Выставив ногу, я придержал мяч, затем, дав отмашку, свирепо запустил им в стену церкви. Отскочив, мяч исчез во тьме. Собака так и осталась стоять в недоумении, я же свернул на рю Гамбетта, на другом конце которой еще светилась вывеска-реклама пива «Хайнекен». Юдит не было и там. Хозяин не видел ее вот уже несколько дней. И другие гости, немногословные Пьер и Жан, соответствующей жестикуляцией подтвердили слова хозяина. Оба несколько лет работали в Африке на каком-то строительстве и теперь, так и не вписавшись в деревенский быт, коротали вечера в этом заведении или же отправлялись на охоту. Я выпил с ними перно, затем бокал вина, потом чашку кофе. То, что Филипп так и не показался здесь, могло означать, что он все-таки встретился с Юдит. Так хотелось думать.
После того как я настоял на том, чтобы заплатить за всех, Жан на своей «веспе» доставил меня домой. Уже сидя на заднем сиденье с охотничьим ружьем Жана на коленях, я услышал, как хозяин с грохотом опустил железную решетку. Будто за мной захлопнулись двери тюрьмы.

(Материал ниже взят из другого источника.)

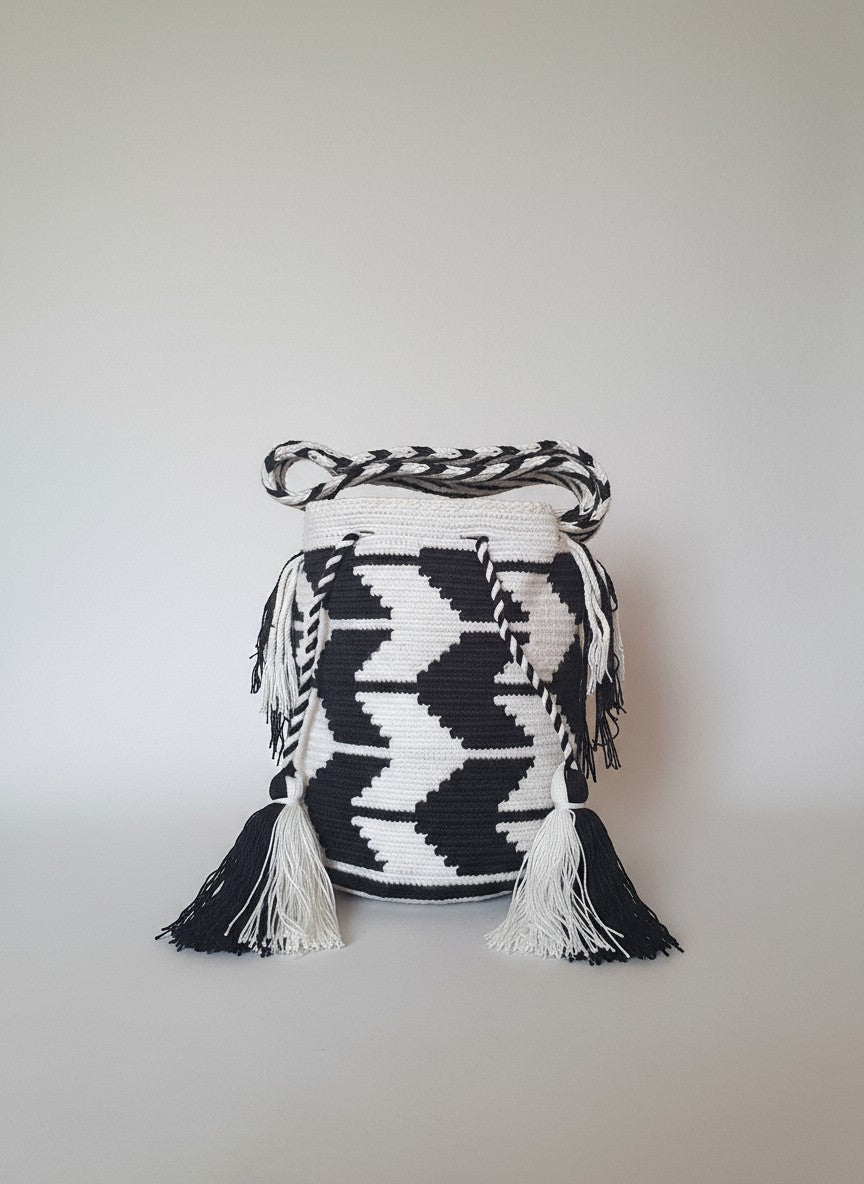 Authentic handmade Colombian Wayuu Mochila in vibrant cotton threads, geometric design. Medium size. Ethically and responsibly sourced.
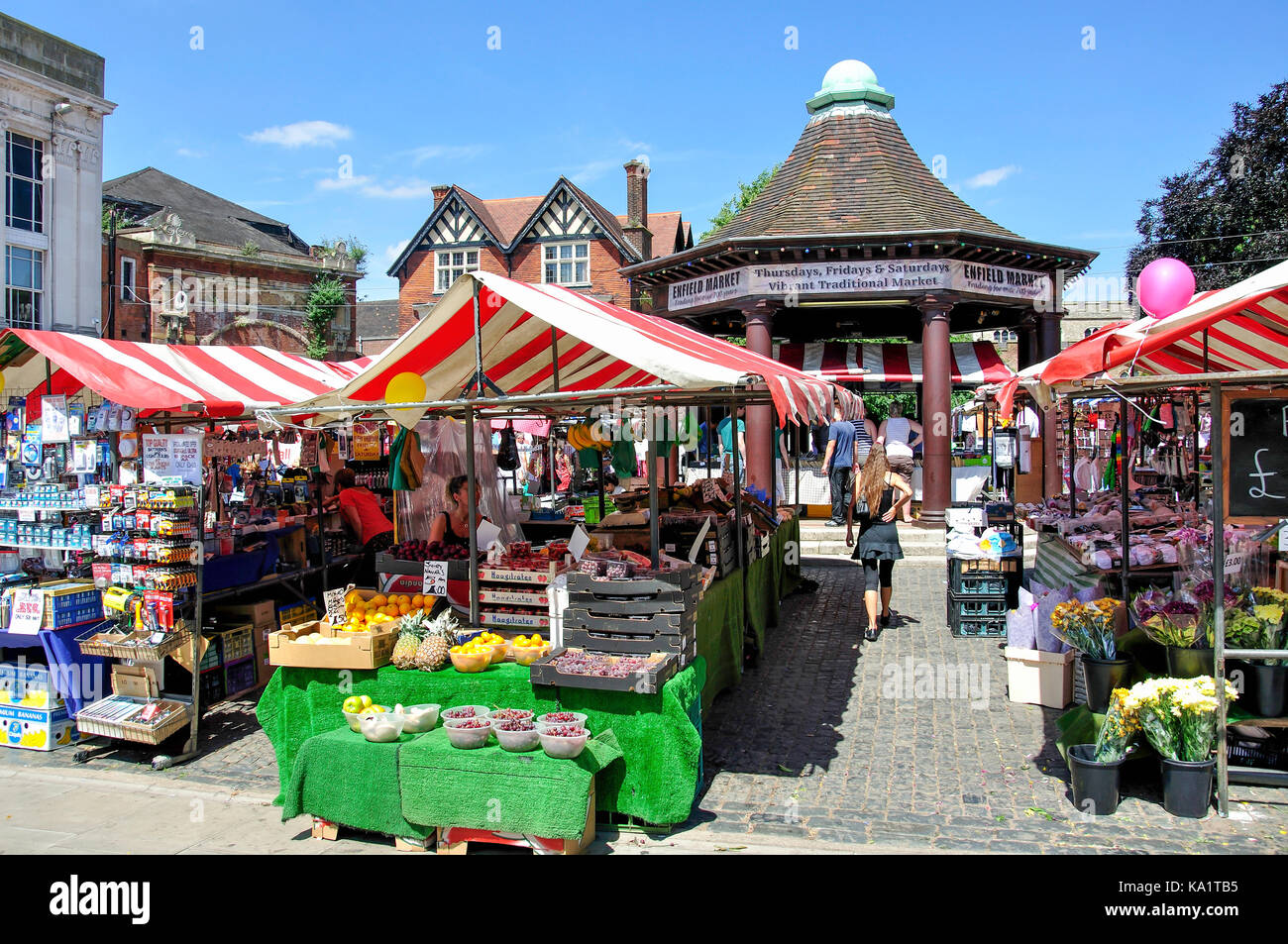 Marché d'Enfield, Place du marché, Enfield Town, London Borough of Enfield, Greater London, Angleterre, Royaume-Uni Banque D'Images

Еще издали я заметил, что и у Филиппа, и у меня во всех окнах горит свет. В голове зазвучала мелодия Шуберта, повторяясь и повторяясь, как звуковая кольцовка, вот только слов я припомнить никак не мог. Оба дома возвышались в полуночном мраке кострами, на которых в прежние времена предавали огню грешников — двумя огромными факелами.
Жан ссадил меня у ворот в сад и тут же, будто спасаясь от преследователей, укатил. Я даже не успел отдать ему его ружье, роскошный инструмент убиения, который осторожно повесил на плечо. Рядом с воротами стоял неизвестный автомобиль, видавший виды «пежо». Из-под капота доносилось деликатное побулькивание — двигатель охлаждался после тяжких трудов. Как безумные заливались цикады.
Я прошел на кухню. Филипп, тут же вскочив, бросился мне навстречу, виновато разводя руками, но замер как вкопанный, заметив ружье у меня на плече. Поднялся со стула и другой гость, незнакомый мне мужчина, и лаконично представился: Брико. Врач из Овиля, вызванный Филиппом, поскольку местный эскулап в настоящее время где-то в районе Вогез проходил курс лечения от алкоголизма, после которого он, как все надеялись, уже сюда не возвратится. Доктор Брико, молодой, преуспевающий, стройный, желавший заставить каждую фразу звучать оригинально, влюбленный в оригинальность врачеватель, несмотря на молодость, погрязший в оригинальности субъект, распускающий вокруг важность и запах парфюма, доктор Брико усадил меня на мой стул, вернее, на стул Юдит, и принялся выпытывать с таким видом, будто и я, сам того не ведая, мучим некоей неизлечимой хворью, и весь дом мой обречен на погибель, а ему, дескать, выпала участь сообщить мне обо всем этом, став, таким образом, дурным вестником.